2.1 Trust model alignment (RFCs 0001–0007 invariants this RFC preserves)

The event-driven model does not alter the trust contract established by the prior RFCs. Specifically:

  • CP holds no signing key for state events (RFC-0002 §3). Every agent event is signed by the agent’s mTLS client cert (RFC-0003 §2). CP signs nothing it emits as state. CP does hold a CA-issuance signing key for /v1/enroll and /v1/agent/renew-cert; production deployments bind it to the TPM so CP holds only a pubkey + sign-wrapper handle. The file-backed fallback violates the spirit of the claim. See RFC-0010 §1.5.1 for the precise contract.
  • CP holds no trust private keys (RFC-0010 §1.5). Verification of inbound events uses the same TrustConfig deserialized at CP boot — no new trust roots, no new secrets. (The CA-issuance key is not a TrustConfig entry; see RFC-0010 §1.5.1 for the signer-vs-verifier distinction.)
  • CP is reconstructible from git + agent state (RFC-0001 §10, RFC-0010 §1.5). The HostRolloutRecord table (§5) is a cache, not a source of truth. On CP rebuild (loss of /var/lib/nixfleet-cp/state.db), the heartbeat drift-detection in §4.3 prompts agents to replay their event log; CP rebuilds its view from agent reports. Historical timestamps for converged rollouts are lost on rebuild — same property as today’s DB.
  • Inversion of trust is preserved (RFC-0002 §4, RFC-0003 §4.6). The Dispatch event’s target_closure field is advisory — a convenience pointer to the canonical value in the signed manifest the agent already holds. Agents MUST verify the field against manifest.host_set[hostname].target and refuse-to-act on mismatch. CP cannot redirect an agent to an unsigned closure by tampering with the Dispatch payload; mTLS protects the wire, and the manifest signature catches any substitution. Rollback decisions are made by the agent directly from the signed manifest’s onHealthFailure policy — CP issues no RollbackSignal. Net effect: there is exactly one signed source of truth for every action an agent takes, and CP cannot direct the agent off that source.
  • Pull-only control flow (RFC-0003 §1). CP never reaches an agent.

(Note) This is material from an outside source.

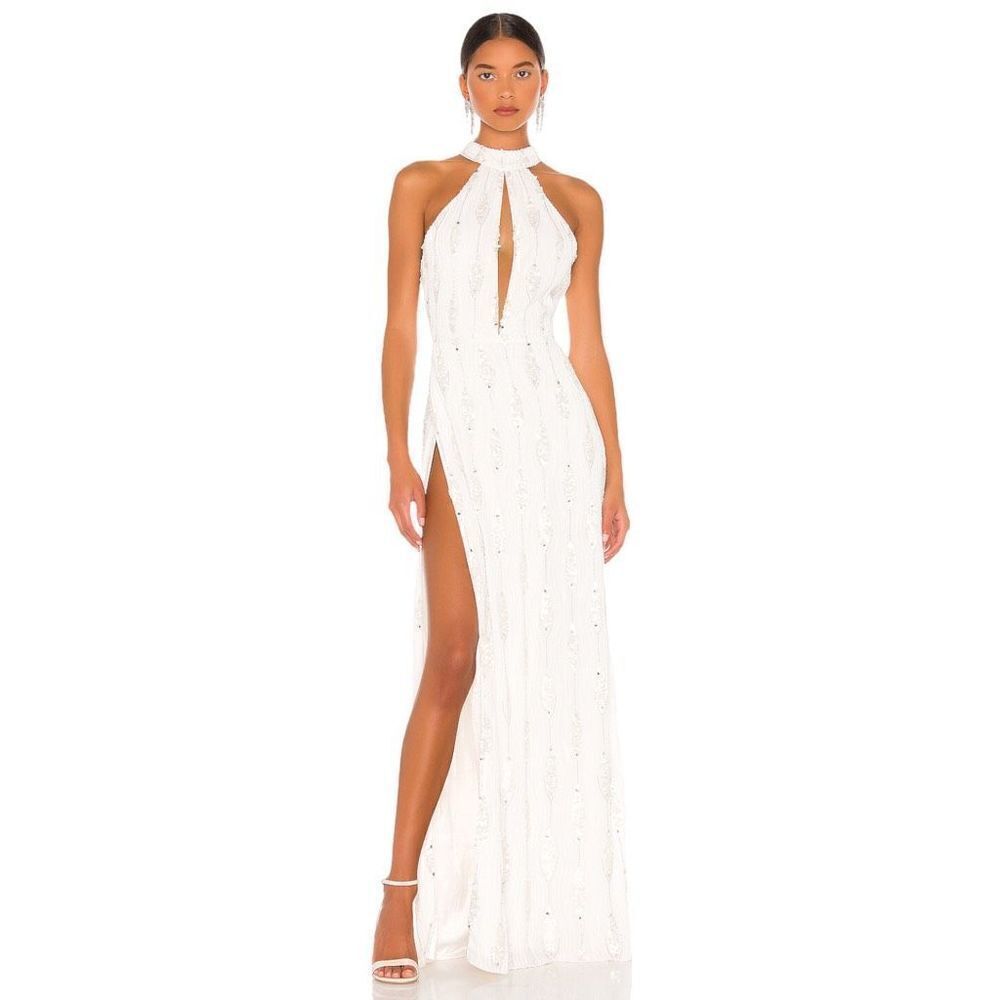 Retrofete White Sequin Halter Maxi Gown with Side Slit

The only queued message is Dispatch (a wave-timing signal); the agent fetches it on its next long-poll to /v1/agent/dispatch. Rollback is agent-decided, so no rollback message is ever queued. The wording “CP issues” anywhere this RFC uses it is shorthand for “CP queues for agent retrieval”; no socket is opened in the CP→agent direction.
  • CP blast radius unchanged (RFC-0010 §1.5). CP holds no new secrets, no new trust authority. SSH access to the CP host remains equivalent to SSH access to any production NixOS box.
  • Air-gap operation unaffected (RFC-0012). Events are signed payloads on a request/response wire; they ride sovereign caches the same way checkins do today. The CP-side event handler is identical online and air-gapped.

3. State machine

                         ┌─────────────────────────────────────────┐
                         ▼                                         │
   ┌─────────┐     ┌────────────┐    ┌───────────┐    ┌────────────┐
   │ Pending │────▶│ Activating │───▶│  Soaking  │───▶│ Converged  │
   └─────────┘     └─────┬──────┘    └───────────┘    └────────────┘
                         │     │           │
                         │     ▼           │ sustained probe fail
                         │  ┌──────────┐   ▼
                         │  │ Deferred │  ┌────────────┐
                         │  └──────────┘  │   Failed   │───▶┌────────────┐
                         │       (post-   └────────────┘    │  Reverted  │
                         │        reboot                    └────────────┘
                         │        →Soaking)                       │
                         │                                        │ channel halt-lift on
                         ▼                                        │ new declared SHA
                   ┌───────────┐                                  ▼
                   │  Failed   │                            (new rollout → Pending)
                   └───────────┘

Seven states, no aliases:

StateMeaningEntered byExited by
PendingCP has issued a Dispatch; agent has not yet ACKed (or rollout was just opened)Dispatch issuedDispatchAck received
ActivatingAgent acked; switch-to-configuration is firing or has fired pending confirmationDispatchAckActivationComplete (→ Soaking) / ActivationFailed (→ Failed) / ActivationDeferred (→ Deferred)
DeferredActivation pipeline staged the profile but skipped the live switch because dbus/systemd/kernel/init cannot be hot-swapped on the running system. The host is “soft-staged” — the new generation activates on next reboot. CP’s heartbeat handler synthesises an ActivationComplete once the agent reports current_closure == target_closure post-reboot.ActivationDeferred eventSynthesised RemoteActivationCompleted after operator reboot
SoakingAgent reports activation succeeded; probes have started running against the new closure; soak window has not yet elapsedActivationComplete (live or synthesised)Converged event or Failed (via sweep)
ConvergedSoak elapsed, probes passing, current == declared. Terminal for ordering.Converged event from agentNew rollout opens for this channel
FailedSustained probe failure observed by the agent and reported to CP. Agent has read onHealthFailure from the signed manifest and decided autonomously what comes next.Failed event (agent reports sustained failure)RollbackComplete (if policy was rollback-and-halt) or operator action (if halt-only)
RevertedAgent has completed rollback to prior closure. Channel-level quarantine holds the bad SHA.RollbackCompleteChannel publishes a new SHA (declared moves past quarantine)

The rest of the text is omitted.